Again and again, we return to the amazing Fini, a tireless advocate for the disenfranchised. Herzog has a penchant for futile causes, often mining them for irony, but if he senses there is something irredeemably lonely in this land of silence and darkness (and perhaps hopeless for poor souls like Vladimir) he is so gobsmacked by Fini and some of the people she encounters, he delivers no cosmic punchline, only admiration and the tacit acknowledgment that perhaps even the grand Bavarian poet has proven inadequate to articulate the immensity of Fini's experience.
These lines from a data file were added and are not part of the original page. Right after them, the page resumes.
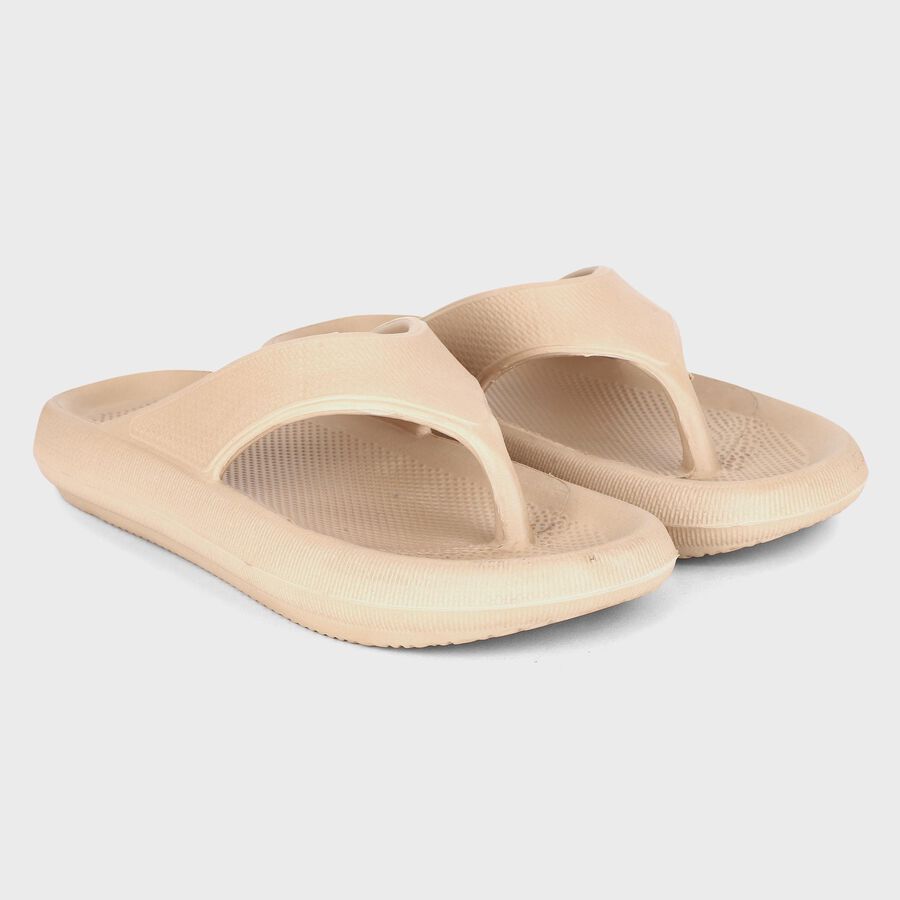 Ladies' Slipper, Beige, large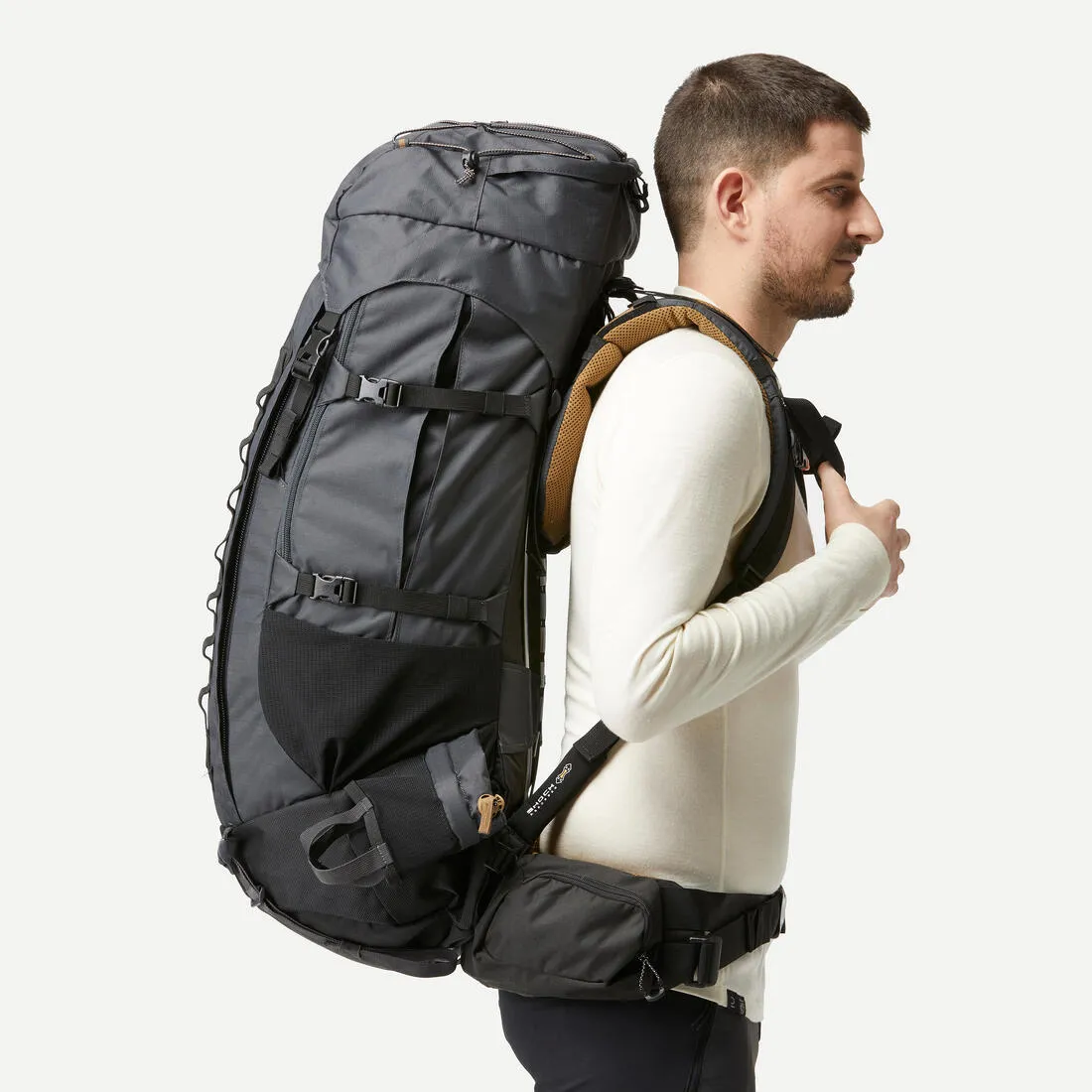 Men's Trekking Backpack 70L 10L - Trek 900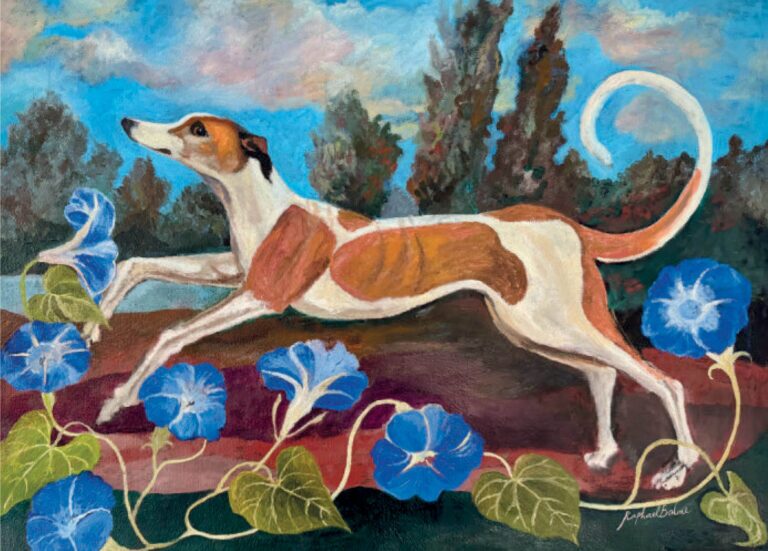 Running Dog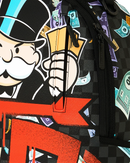 SPRAYGROUND 'Monopoly Time To Go' Backpack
But getting somewhere close is an impressive achievement by any standard.

This is Herzog in full celebratory mode, and when Herzog comes to sing his subject's praises, he holds nothing back.

2005 New Yorker DVD cover

Video:
The high-def transfers in this huge Shout! Factory Herzog set (see details at Amazon) are all pretty much similar, competent but somewhat underwhelming compared to the competition. Nothing wrong here, but nothing impressive either. It's certainly an upgrade over the shaky New Yorker DVD release of 2005, though it appears to be taken from the same source. The film is presented in its original 1.33:1 aspect ratio.

Audio:
Just fine for the job at hand. Optional English subtitles support the German audio.

Extras:
None. In this Shout! Factory set, “Land of Silence and Darkness” shares the same Blu-ray disc as “Fata Morgana.”

Final Thoughts:
I first met Fini Straubinger about 15 years ago through this film, and I've thought about her often since. What a woman. And what a documentary.